H.R.4036 – formerly called the Active Cyber Defense Certainty (ACDC) Act and informally called the hack-back bill – was introduced as an amendment to the Computer Fraud and Abuse Act (CFAA) last week. Introduced by Georgia Republican Tom Graves, and Arizona Democrat Kyrsten Sinema, in the House of Representatives. And just like the ACDC song, we’re on the highway to hell.
Even I like the sound of the idea. It feels great. I actually hear this very thing from clients who have been attacked. “Why can’t we just go after these guys and hack them?” As viscerally satisfying as the concept of revenge hacking is, it is not a good policy, and here is why:
- In order to “find” the attacker, you need to have the IP address that they are operating from.

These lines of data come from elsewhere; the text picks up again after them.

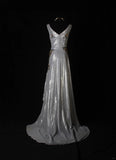 Vintage Mermaid V Neck Silver Gray Lace Beaded Bodice Organza Prom Dresses Impress 18th Birthday Outfits Prom Gown HZ0311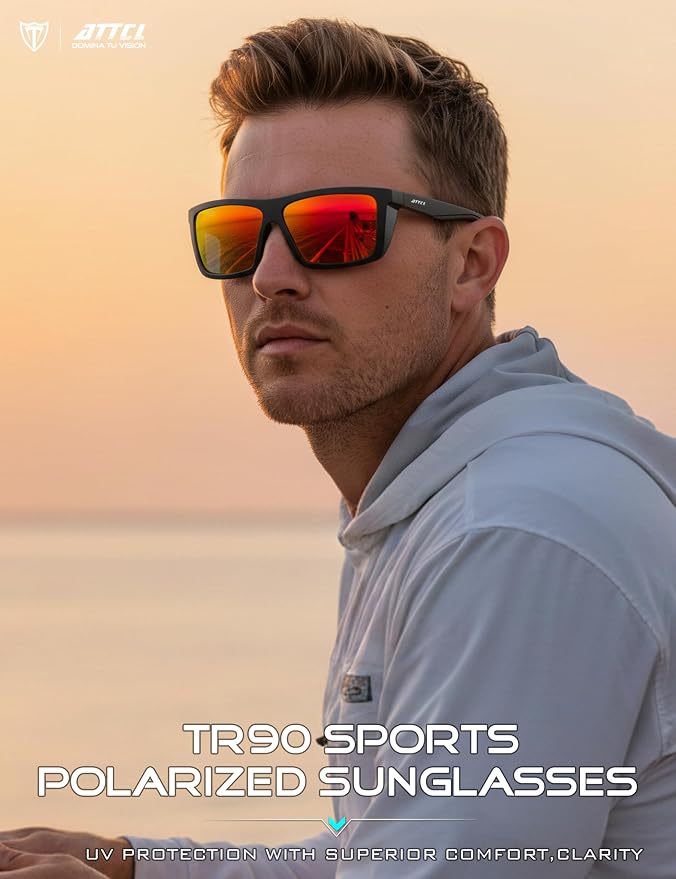 ATTCL Sports Polarized Sunglasses for Men: Secure Anti-Slip Lightweight TR90 Square Frame UV Protection for Driving Fishing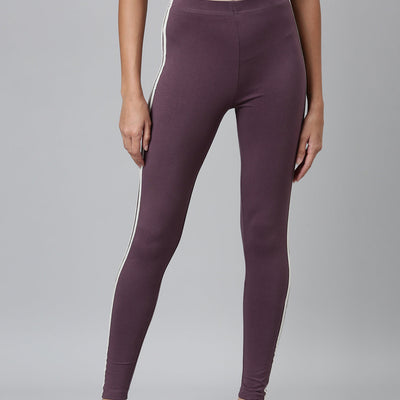 Women Purple Cotton Side Stripe Active Leggings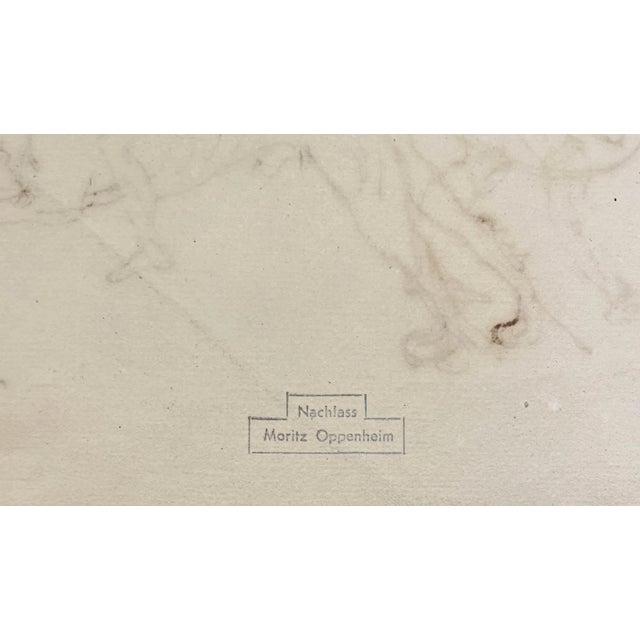 Mid 19th Century An Ink on Paper Sketch of Medieval Combat by Artist Mortiz Daniel Oppenheim For Sale - Image 4 of 7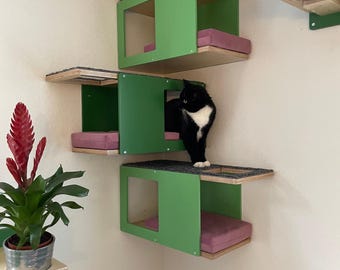 Wally CornerTunnel 3-pack - Cat shelf, Cat activity center, Cat perch, Cat wall, Cat bed, Cat gym, Cat complex, Cat corner, Wall mounted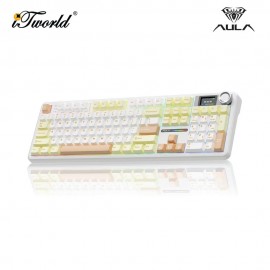 AULA F108 PRO Yellow White Coffee Multi Mode Mechanical Keyboard with Strawberry Mint Switch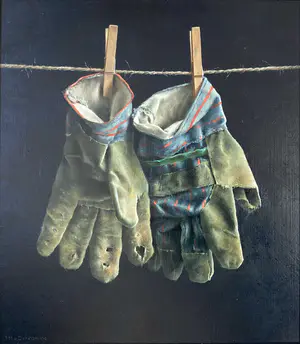 Buy Marius van Dokkum - Olieverf op paneel, Werkhandschoenen - Ingelijst? Bid from 400!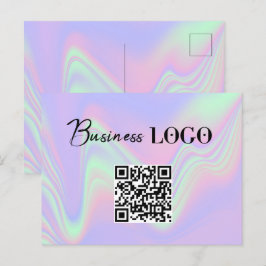 Cartão Postal De Festividades Logotipo comercial holográfico Empresa QR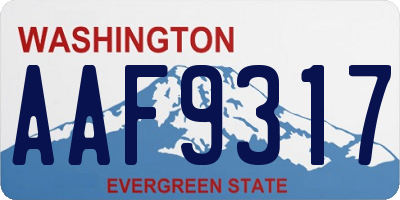 WA license plate AAF9317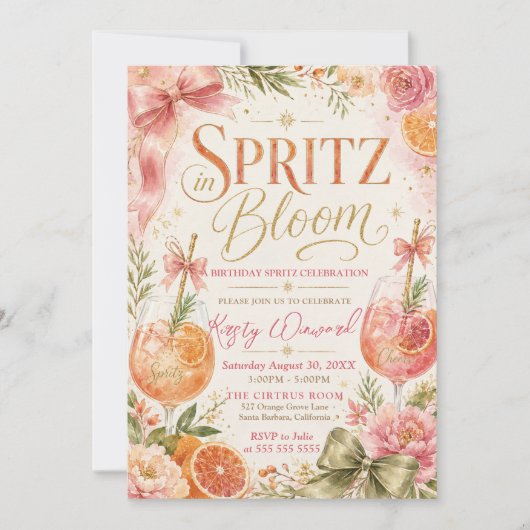 Spritz in Bloom Geburtstagsfeier Einladung (Vorderseite)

Most attacks are launched through the multi-proxy anonymizing service known as TOR. The address that the victim of a cyber attack would see would be that of the TOR “exit node.” Revenge hacking an exit node would be pointless.
- Most phishing attacks originate on the hijacked email account of yet another victim. Revenge hacking the “sender” of phishing emails only tortures the innocent.
- Most of the web site landing pages we see used in phishing exploits are hosted on the unfortunately hijacked websites of other innocent victims. Revenge hacking those sites just heaps insult onto injury.
- Most IT support professionals and cybersecurity professionals do not have the forensics skills to actually launch a counter-strike, but this will not stop them from trying. It’s going to look a lot more like the Wild West when anyone can step onto the Internet with a weapon and just blaze away. This would end up becoming horribly disruptive, and cause interruptions and outages.
I could go on, but you get the point. What other area of modern life allows people legally to take personal revenge against someone who has done them wrong? That is the province of law enforcement agencies and the courts. The solution for cyber-attack victims is the same. Report your incidents to your local PD and the FBI on the Internet Crime Complaint Center website at www.ic3.gov. Sharing your story there and at other cyber-incident reporting and sharing sites allows others to hear about new exploits and learn from your experience. And the FBI and Interpol can use the information to actually track-back the perpetrators, have them properly adjudicated, and put into prison. And yes, that does happen now, quite often, actually.